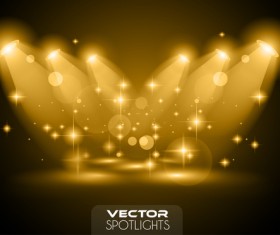 Vector spotlights golden effect 01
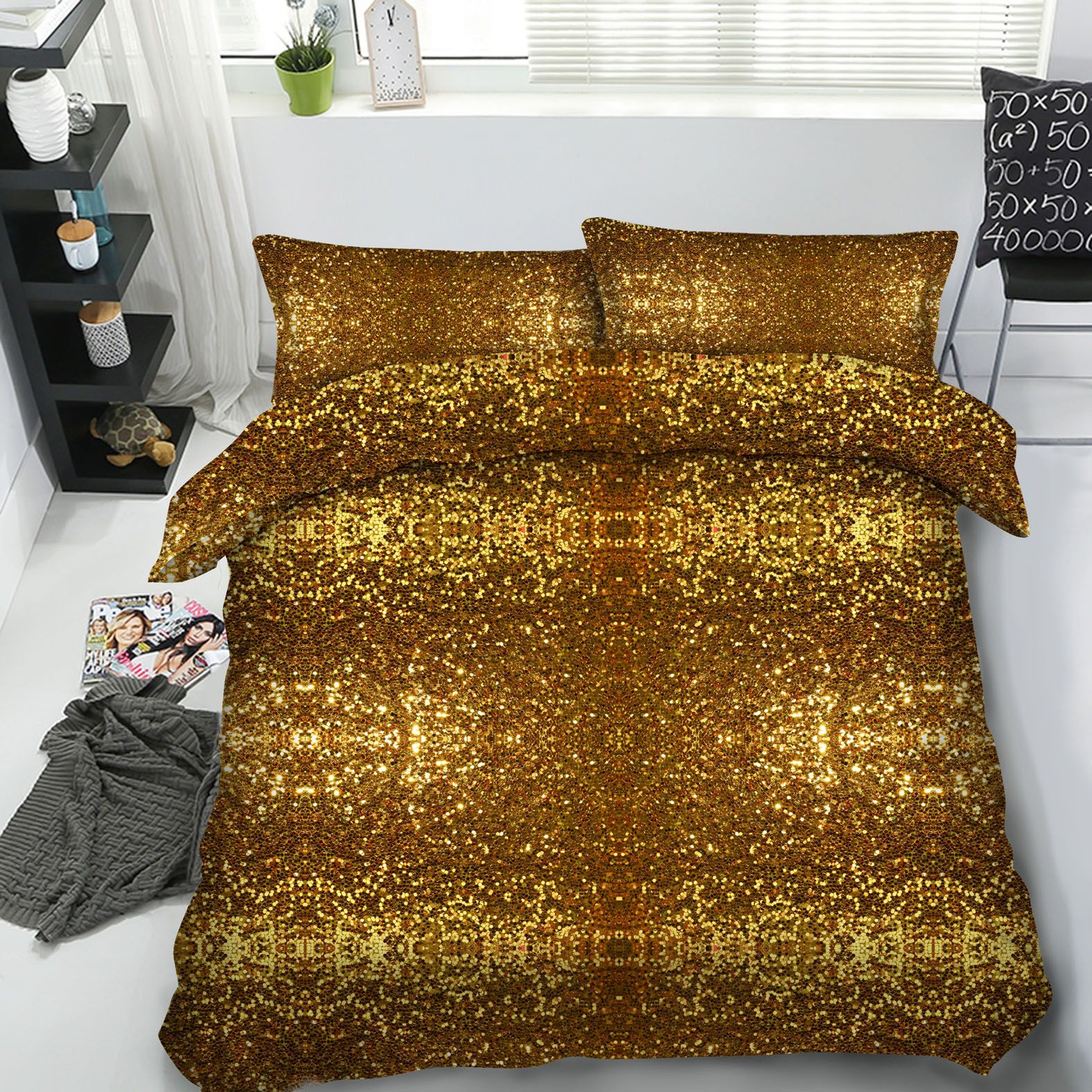 3d Printed Golden Color Bedding Set Twin Full Queen King Size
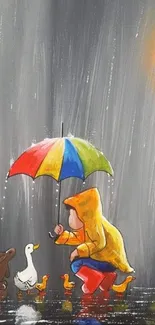 Child with colorful umbrella in rainy scene with lamp and animals.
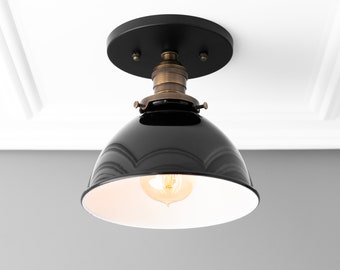Ceiling Lamp - Flush Mount Lighting - Black Shade Light - Rustic Lighting - Farmhouse Decor - Light Fixture - Ceiling Light - Model No. 7538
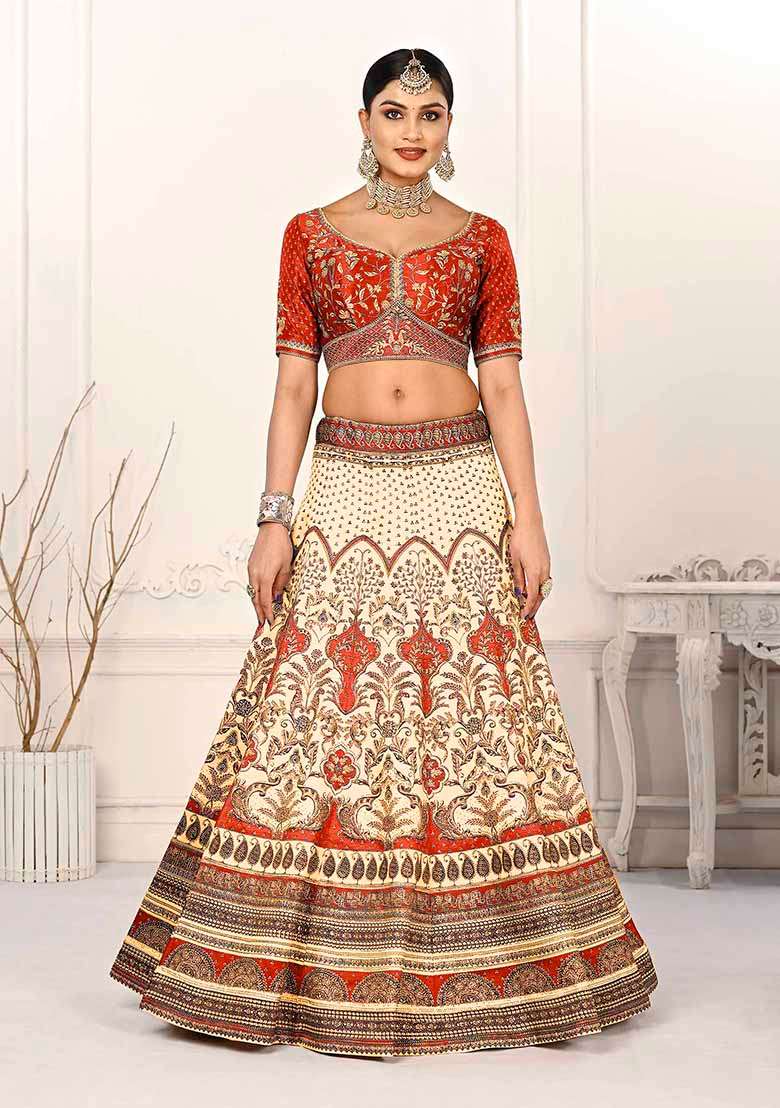 Orange Digital Print Silk Blend Lehenga Set - Indya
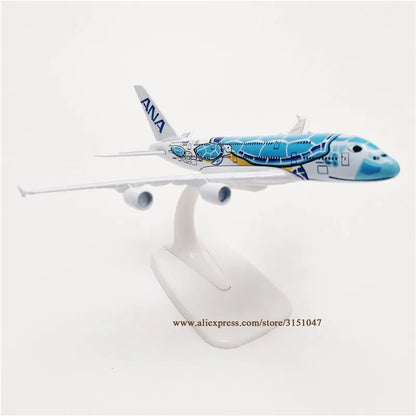 Orange 16cm Air Japan ANA Cartoon Sea Turtle Airbus A380 Airways Airlines Metal Alloy Airplane Model Plane Diecast Aircraft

Aim of the exercise: Exact copy, no pictures: please print every record above as written.

Solved problem:
 Vector spotlights golden effect 01
 3d Printed Golden Color Bedding Set Twin Full Queen King Size
 Child with colorful umbrella in rainy scene with lamp and animals.
Ceiling Lamp - Flush Mount Lighting - Black Shade Light - Rustic Lighting - Farmhouse Decor - Light Fixture - Ceiling Light - Model No. 7538
 Orange Digital Print Silk Blend Lehenga Set - Indya
 Orange 16cm Air Japan ANA Cartoon Sea Turtle Airbus A380 Airways Airlines Metal Alloy Airplane Model Plane Diecast Aircraft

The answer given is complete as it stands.